Isiah Kiner-Falefa hints his Yankees future uncertain with Aaron Judge take
It’s rare that, in the wake of a Yankees series loss, you get any sort of quote to genuinely latch onto/enlighten you with any new information.
Aaron Judge wants to be a Yankee for life, but he’s a free agent now, and will see where the market takes him. Anthony Rizzo thinks Judge should be the highest-paid player in baseball after betting on himself. Gerrit Cole is disgusted with losing. Aaron Boone burped into a microphone, then covered it with a cough. Par for the course.
Leave it to Yankees “stopgap” shortstop Isiah Kiner-Falefa for giving the fan base an interesting nugget in a sea of predictability, though.
IKF’s end to the season was tough, placing him firmly third in the seasonal vitriol rankings behind Aaron Hicks and Joey Gallo. All year long, he was a contact-first utility player disguised as a starting shortstop — which wasn’t his fault. Fans had trouble stomaching his existence, though, because he came attached to Josh Donaldson’s money and represented the Yankees passing on Carlos Correa/Trevor Story/Corey Seager.
Whatever IKF did, it was bound to not be enough. Then he began making untimely errors in the postseason, leading to his benching, eventual reinstatement, and one last untimely misplay on a double play feed from Gleyber Torres in ALCS Game 4.

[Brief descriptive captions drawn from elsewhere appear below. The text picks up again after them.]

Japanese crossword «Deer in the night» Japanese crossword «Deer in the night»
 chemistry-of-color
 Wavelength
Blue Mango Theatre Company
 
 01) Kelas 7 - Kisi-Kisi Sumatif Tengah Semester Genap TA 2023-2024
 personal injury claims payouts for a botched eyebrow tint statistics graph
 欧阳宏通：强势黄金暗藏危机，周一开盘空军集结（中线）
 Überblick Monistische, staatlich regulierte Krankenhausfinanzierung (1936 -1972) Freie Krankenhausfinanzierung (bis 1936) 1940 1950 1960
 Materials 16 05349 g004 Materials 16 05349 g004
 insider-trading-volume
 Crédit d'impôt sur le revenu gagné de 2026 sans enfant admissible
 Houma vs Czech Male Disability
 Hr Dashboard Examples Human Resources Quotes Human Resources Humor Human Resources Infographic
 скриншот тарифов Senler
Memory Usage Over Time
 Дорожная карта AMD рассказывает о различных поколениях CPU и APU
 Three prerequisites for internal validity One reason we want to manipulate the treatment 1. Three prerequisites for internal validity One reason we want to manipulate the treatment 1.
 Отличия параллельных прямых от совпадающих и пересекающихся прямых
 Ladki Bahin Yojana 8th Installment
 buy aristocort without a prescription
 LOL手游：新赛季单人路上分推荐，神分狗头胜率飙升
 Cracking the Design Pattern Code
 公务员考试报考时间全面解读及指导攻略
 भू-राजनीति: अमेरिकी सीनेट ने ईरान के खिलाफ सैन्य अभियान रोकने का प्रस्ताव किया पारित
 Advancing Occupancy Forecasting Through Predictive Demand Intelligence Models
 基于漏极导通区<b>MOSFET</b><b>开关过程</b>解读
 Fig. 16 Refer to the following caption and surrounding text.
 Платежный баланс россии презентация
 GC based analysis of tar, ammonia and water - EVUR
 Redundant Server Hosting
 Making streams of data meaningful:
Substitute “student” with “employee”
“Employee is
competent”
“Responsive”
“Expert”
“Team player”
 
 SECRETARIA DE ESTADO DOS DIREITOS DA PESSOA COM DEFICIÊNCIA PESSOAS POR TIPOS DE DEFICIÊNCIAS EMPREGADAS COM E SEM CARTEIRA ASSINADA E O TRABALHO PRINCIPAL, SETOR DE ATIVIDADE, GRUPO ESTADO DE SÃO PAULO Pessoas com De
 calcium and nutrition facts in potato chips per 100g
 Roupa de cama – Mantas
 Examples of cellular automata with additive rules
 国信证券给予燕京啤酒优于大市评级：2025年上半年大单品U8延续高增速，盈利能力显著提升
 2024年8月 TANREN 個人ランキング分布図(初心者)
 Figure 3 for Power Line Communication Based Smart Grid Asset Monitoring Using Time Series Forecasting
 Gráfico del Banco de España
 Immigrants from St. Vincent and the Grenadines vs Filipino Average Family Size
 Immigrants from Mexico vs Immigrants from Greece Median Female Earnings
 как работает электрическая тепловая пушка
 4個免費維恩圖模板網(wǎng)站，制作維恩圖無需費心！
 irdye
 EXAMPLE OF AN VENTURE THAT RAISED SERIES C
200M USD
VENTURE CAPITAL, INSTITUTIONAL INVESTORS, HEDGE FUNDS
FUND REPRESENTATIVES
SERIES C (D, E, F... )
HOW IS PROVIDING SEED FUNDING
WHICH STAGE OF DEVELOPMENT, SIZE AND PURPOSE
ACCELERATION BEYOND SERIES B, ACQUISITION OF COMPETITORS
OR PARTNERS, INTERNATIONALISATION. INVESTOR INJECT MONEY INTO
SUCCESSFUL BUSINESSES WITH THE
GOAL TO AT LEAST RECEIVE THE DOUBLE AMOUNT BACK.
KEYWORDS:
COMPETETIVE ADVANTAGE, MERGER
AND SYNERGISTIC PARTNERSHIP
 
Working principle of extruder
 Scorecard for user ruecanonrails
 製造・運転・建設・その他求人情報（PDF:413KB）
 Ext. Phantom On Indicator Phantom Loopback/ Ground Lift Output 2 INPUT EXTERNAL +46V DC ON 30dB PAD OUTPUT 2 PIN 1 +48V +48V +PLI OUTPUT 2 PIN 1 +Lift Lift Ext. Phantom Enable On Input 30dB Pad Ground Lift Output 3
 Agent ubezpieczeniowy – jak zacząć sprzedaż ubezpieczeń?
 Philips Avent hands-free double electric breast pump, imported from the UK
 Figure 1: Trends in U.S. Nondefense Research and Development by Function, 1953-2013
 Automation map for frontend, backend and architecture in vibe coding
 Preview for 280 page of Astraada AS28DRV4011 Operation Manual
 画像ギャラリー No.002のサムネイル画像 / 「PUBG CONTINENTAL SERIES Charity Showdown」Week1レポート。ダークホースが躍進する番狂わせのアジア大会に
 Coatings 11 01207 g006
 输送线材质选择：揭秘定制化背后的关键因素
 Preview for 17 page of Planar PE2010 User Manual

These struggles, and the harm he endured from the fan base he grew up a member of, have led him questioning his future with the team, despite having one more year of team control.
Will Isiah Kiner-Falefa be with the Yankees in 2023?
It’s a shame Kiner-Falefa may have been chased out of town. It’s also a shame that the Yankees utilized him improperly all season long, and may never know the value a “utility player” version of Kiner-Falefa, who plays 100 games per year and splits time at second/third, might provide. Without a healthy DJ LeMahieu, his profile at the plate could’ve been important.
At this point, though, Kiner-Falefa is somewhere just below Josh Donaldson on the “cannot return” list, and might not be able to work his way off the list entirely this offseason.
If the Yankees get rid of Kiner-Falefa just one year after attaching Donaldson’s contract to him to pry him away from Minnesota, the front office should be investigated once more for the haphazard way they prioritize the wrong assets. That won’t happen, though, and instead the 27-year-old lifelong Yankee fan will be exiled like the move never happened, clearing a path for shortstop in the Bronx to be manned by … probably Andrelton Simmons over Oswald Peraza, or something equally dreadful.